When they are gone I sling my bag over my shoulder and climb the stairs. I don’t look back—who wishes for a final look at nothing?
I eat something, but in twenty seconds I’ll be unable to recall what it was. Then I set my house key on the sill and open the door, turning the lock carefully and pulling the door closed behind me. At the end of the driveway I stop and close my eyes, waiting for the growl to lead me.
• • •
In my dreams there’s a girl who growls too, but I know she can’t exist, because the bee died immediately. My mother saw it dead on the floor as the welt swelled on my cheek. She told me, “It took one look at what it stang, and died.”
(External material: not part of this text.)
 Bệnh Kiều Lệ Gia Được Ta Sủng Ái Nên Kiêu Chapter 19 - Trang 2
In third grade, my teacher said that female honeybees die naturally after they sting, which gave me hope. I repeated the angriest man’s story in my head, pausing at “To the flower came a bee.” A bee. A bee. I willed it to be “a female honeybee,” but the words wouldn’t stick there, no matter how hard I tried to make them.
I pretended many things:
That my growl was the bee inside of me.
That my mother killed the bee trying to save me.
That it really was a female honeybee.
But my daydreams made my growl louder, and after school some jerks stuck me in the janitor’s closet. The mop stared at me, wearing my mother’s hair. Bad to the bone, it whispered. That’s what you are. I took the mop and smashed all the cans and bottles and bags off the janitor’s shelves and onto the floor, until it smelled like cat litter and butterscotch. The janitor let me out.
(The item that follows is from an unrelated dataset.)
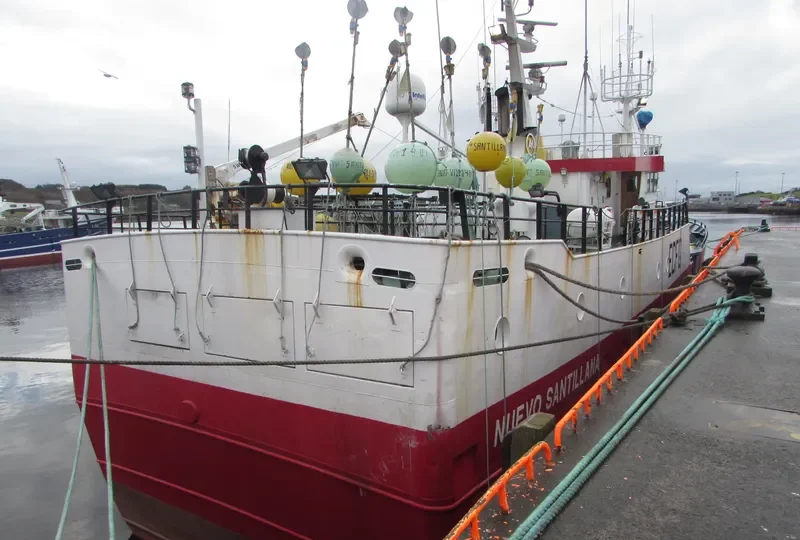 NUEVO SANTILLANA General Cargo IMO 9329186 photo 6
The next day I told the story of the angriest man to my teacher. She said she’d never heard of it.
Here in the driveway the growl points me west. I start walking through yards, across Lane Avenue, to the yellow field. Kids used to play freely in the field, but a few years ago somebody put up a fence. I know how to get in, though.
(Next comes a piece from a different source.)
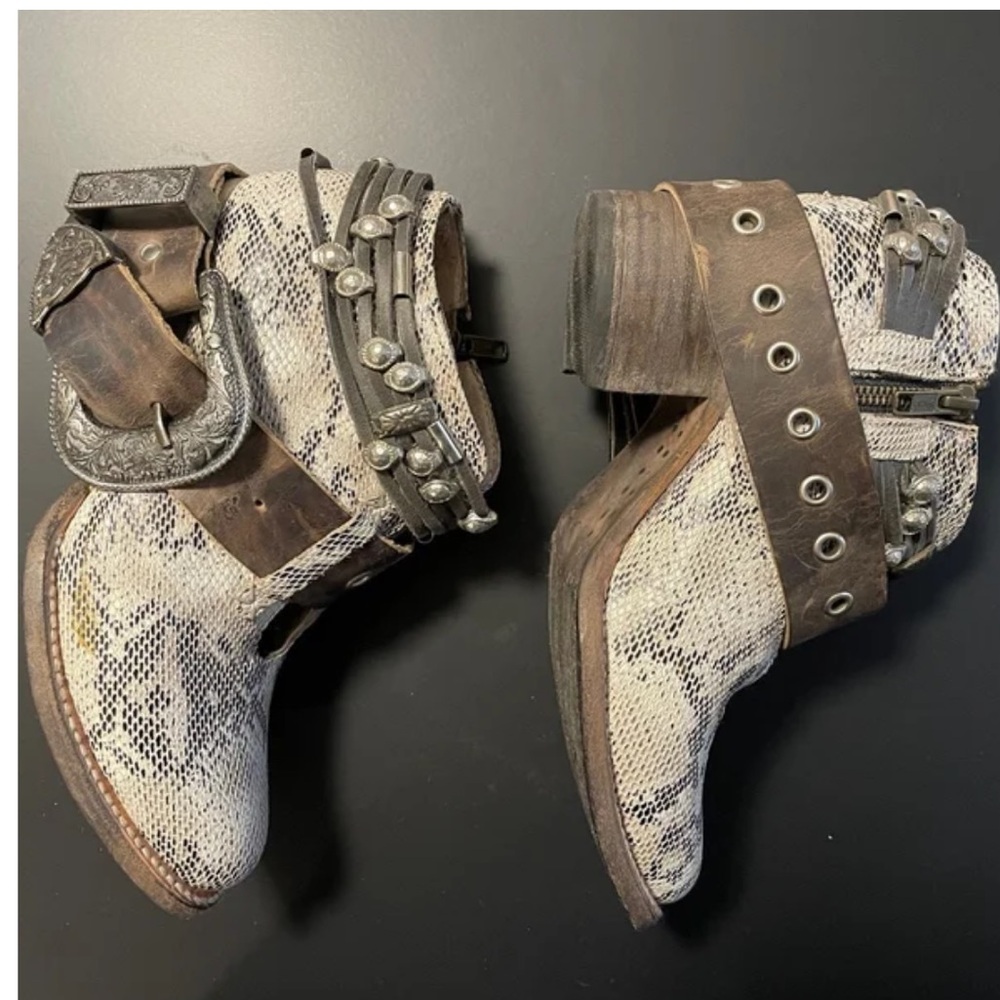 Freebird saloon bootie - Picture 3 of 7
I walk through the tall grass to the trodden path. Milkweed plants beckon with whiter-than-white gluey tips. I stop and pluck a pod from a plant, open it up. Its fine silky hat sways in the wind like hair under water. The seeds inside aren’t ready yet. I pull them out anyway and throw them to the sky, sending them off unannounced like Charlotte’s daughters in the breeze, away from their mother, their sisters, without a goodbye. I drop the pod on the ground and try to wipe the sticky mess off my fingers. One feathery seed is stuck to me, absorbing evil from my bones. I pull it off and throw it into the air, but it drops straight to the ground, infected.